Remix.run Logo
oulipo2 3 days ago

Can you tell me more about why timescale doesn't perform in your opinion? My use case for timescale would be to gather my IoT telemetry data (perhaps 20/100 points per second) and store eg 1 year worth of it to do some analysis and query some past data, then offload that to parquet files on S3 for older data

I'd like to be able to use that for alert detection, etc, and some dashboard metrics, so I was thinking that it was the kind of perfect use-case for timescale, but because I haven't been using it yet "at scale" (not deployed yet) I don't know how it will behave

How do you do JOINs with business data for Clickhouse then? Do you have to do some kind of weird process where you query CH, then query Postgres, then join "manually" in your backend?

wkrp 2 days ago | parent [-]

I was a little unclear, I think Timescale performs quite well. Just that in my (very limited) experience, Clickhouse performs better on the same data.

I actually have a blogpost on my experience with it here: https://www.wkrp.xyz/a-small-time-review-of-timescaledb/ that goes into a bit more detail as to my use case and issues I experienced. I'm actually half-way through writing the follow up using Clickhouse.

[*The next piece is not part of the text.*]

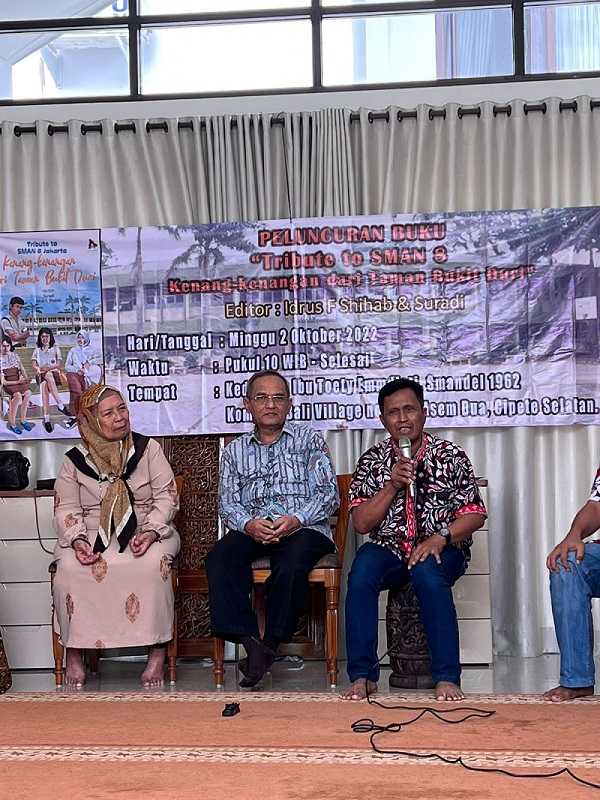 Buku Tribute to SMAN 8 Jakarta: Kenang-kenangan dari Taman Bukit Duri Diluncurkan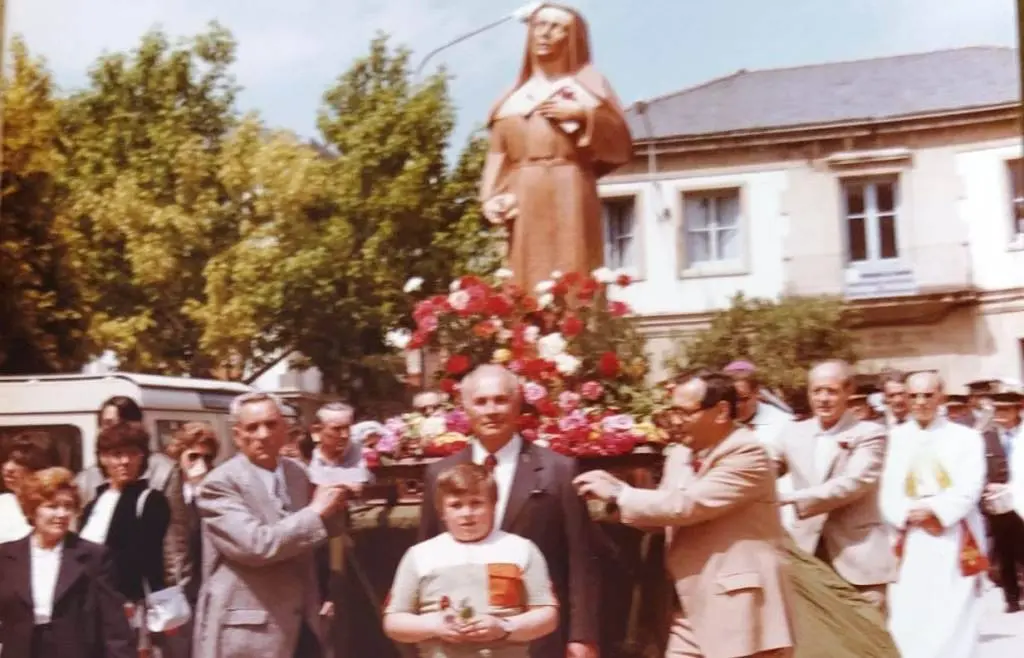 Eduardo Ojea y Toni Hervella entre otros, en la procesión de Santa Rita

As detailed in the blog post, my data is all MMO video game stats such as item drops. With Timescale, I was able to join an "items" table with information such as the item name and image url in the same query as the "item_drops" table. This way the data includes everything needed for presentation. To accomplish the same in clickhouse, I create an "items" table and an "items_dict" dictionary (https://clickhouse.com/docs/sql-reference/dictionaries) that contains the same data. The Clickhouse query then JOINs the item_dict against item_drops to achieve the same thing.

If you know the shape of your data, you can probably whip up some quick scripts for generating fake versions and inserting into Timescale to get a feel for storage and query performance.